Injustice plagues us. So very, very many injustices. A man can feel overwhelmed by the great variety and scope of injustice out there. Partly this is because, being a man, he is unfamiliar with experiencing any injustice more severe than a bad umpiring call. Mostly it is because he can do very little to fix all the injustice, and he would much rather fix the injustice than think about it. Unfixed injustice makes him uncomfortable.
If you sympathize with this man, he’d rather not talk about it. Feelings make him uncomfortable too. But I – I would recommend identifying one single injustice you CAN fix. Preferably a personal injustice. Taking direct action against it will do wonders for your self-esteem, much more than wanting to fix the whole world but ending up falling asleep on the couch.
My chosen injustice is this family I see in town with an impeccably trained border collie, the kind who locks eyes on its human and reads their minds and can go into public places without stealing someone’s french fries or attempting to play tug-of-war with their forearms.
I love my dogs very much, and I almost never forget to walk them or feed them. They are Very Good Dogs. But when I watch this border collie, I suddenly and deeply appreciate those old “My kid can beat up your honor student” bumper stickers.
You adolescent Einsteins would be safe with my older fella, Hawkeye, who has never beaten up anything tougher than a tree branch. If your kids are smart enough to throw a tennis ball, Hawkeye will be their friend. He has border collie-like focus on anything thrown. He also has no desire to interact with strangers outside of this throwing-things arrangement, which means he and I understand each other.
My younger dog, Ryzhik, on the other hand – he really COULD beat up your honor student. He would not do so out of academic inferiority. He would, however, do so out of sheer and boisterous friendliness, and a strong misconception about his own body mass.
I am fairly helpless to prevent this ballistic playfulness; Ryzhik knows all his basic commands, but he knows them best in two languages that I don’t speak: Russian; and English with a Russian accent. You see, his foster dad was from Russia.
“I have been teaching him in English, too, so that he is learning how to listen to you,” his foster dad explained to me. “Also, we have not been calling him by his name. We have been calling him Ryzhik. It is a cute nickname. You pronounce it well. But you are not needing to follow his name with saying ‘and squirrel.’”
I have now spent the better part of two years perfecting my terrible Russian accent, the better to communicate with my dog. This does not help when Ryzhik is joyously beating up a schoolchild, though, or a grandma out for a walk – honor roll or not.
So: to mend the sense of injustice I experience when I see the border collie intensely NOT gumming the skin off some elderly pedestrian, I took Ryzhik to a professional dog trainer.

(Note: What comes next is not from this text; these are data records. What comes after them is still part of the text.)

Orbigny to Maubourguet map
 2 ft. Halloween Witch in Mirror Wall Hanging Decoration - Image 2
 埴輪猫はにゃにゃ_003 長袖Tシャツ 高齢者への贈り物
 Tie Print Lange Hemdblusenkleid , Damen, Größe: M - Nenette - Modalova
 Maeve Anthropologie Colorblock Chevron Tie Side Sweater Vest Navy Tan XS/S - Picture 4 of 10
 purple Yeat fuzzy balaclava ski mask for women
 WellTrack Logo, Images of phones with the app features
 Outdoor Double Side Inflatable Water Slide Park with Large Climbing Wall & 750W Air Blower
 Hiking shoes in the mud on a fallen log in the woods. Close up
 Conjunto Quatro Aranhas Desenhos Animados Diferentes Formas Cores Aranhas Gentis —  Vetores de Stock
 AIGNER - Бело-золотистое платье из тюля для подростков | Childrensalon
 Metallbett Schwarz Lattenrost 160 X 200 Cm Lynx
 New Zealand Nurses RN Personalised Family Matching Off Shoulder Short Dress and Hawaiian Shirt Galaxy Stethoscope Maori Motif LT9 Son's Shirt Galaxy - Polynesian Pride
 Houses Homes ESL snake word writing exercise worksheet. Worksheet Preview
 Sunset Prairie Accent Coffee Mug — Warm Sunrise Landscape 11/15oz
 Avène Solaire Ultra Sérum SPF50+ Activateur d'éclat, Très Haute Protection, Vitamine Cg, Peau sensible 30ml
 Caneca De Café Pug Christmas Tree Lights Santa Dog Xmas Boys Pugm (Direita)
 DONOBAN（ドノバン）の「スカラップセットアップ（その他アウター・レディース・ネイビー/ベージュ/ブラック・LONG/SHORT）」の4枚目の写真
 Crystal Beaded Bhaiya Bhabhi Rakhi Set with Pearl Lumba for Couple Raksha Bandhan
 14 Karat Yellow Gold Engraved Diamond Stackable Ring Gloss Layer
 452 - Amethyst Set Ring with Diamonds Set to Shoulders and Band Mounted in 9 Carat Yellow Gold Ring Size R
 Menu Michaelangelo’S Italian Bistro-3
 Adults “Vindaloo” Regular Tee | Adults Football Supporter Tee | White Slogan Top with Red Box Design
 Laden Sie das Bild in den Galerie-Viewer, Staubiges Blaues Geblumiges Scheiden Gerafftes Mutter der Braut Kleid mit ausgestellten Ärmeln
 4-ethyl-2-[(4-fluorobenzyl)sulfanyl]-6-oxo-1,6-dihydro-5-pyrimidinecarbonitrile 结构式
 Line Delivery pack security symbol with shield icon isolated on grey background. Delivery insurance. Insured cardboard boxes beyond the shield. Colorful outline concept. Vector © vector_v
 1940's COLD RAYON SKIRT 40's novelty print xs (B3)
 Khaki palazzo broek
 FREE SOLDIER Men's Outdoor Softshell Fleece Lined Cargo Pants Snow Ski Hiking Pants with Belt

I anticipated learning some insightful hacks to create more effective two-way communication with my dog, which I could then use to tell him to sit down and get over here and drop that old lady RIGHT NOW YOUNG MAN and other useful things. Ryzhik is indeed very smart; I just needed him to learn to listen to me through my thick American accent, thus becoming not only a Very Good Boy but an immaculately well-behaved one too. Let him become someone else’s injustice – let them envy me and my dogs!
Little did I know I would be the one getting trained.
First up, I learned that I most definitely was not using enough treats in my daily routine. I thought that a command well executed was its own reward, plus massive amounts of praise and physical affection. Nope! Turns out that I, like my dogs, need more than that. What my dogs want most are pellets of salmon and peanut butter the size of your typical pencil eraser. These are how I let my dogs know they are safe and loved. And after a successful training session, I give myself pieces of chocolate. This is how I know I am safe and loved.
Second up, I learned that there was far more to my early childhood education than I ever suspected. One of my earliest school memories is showing up one day and being expected to conduct long division. But did you know I had multiple years of schooling leading up to that triumph? It must be true, because dog education is founded on the same principles.
Whatever early schooling Ryzhik had, we’re starting fresh. Which is fine by Hawkeye – he gets treats simply for hanging out with us. He really likes training. As for fixing injustice? The biggest injustice is how little I’ve worked with Ryzhik up til now. But that’s all changing, and I will keep you posted on our progress. Just as soon as I get my arm back.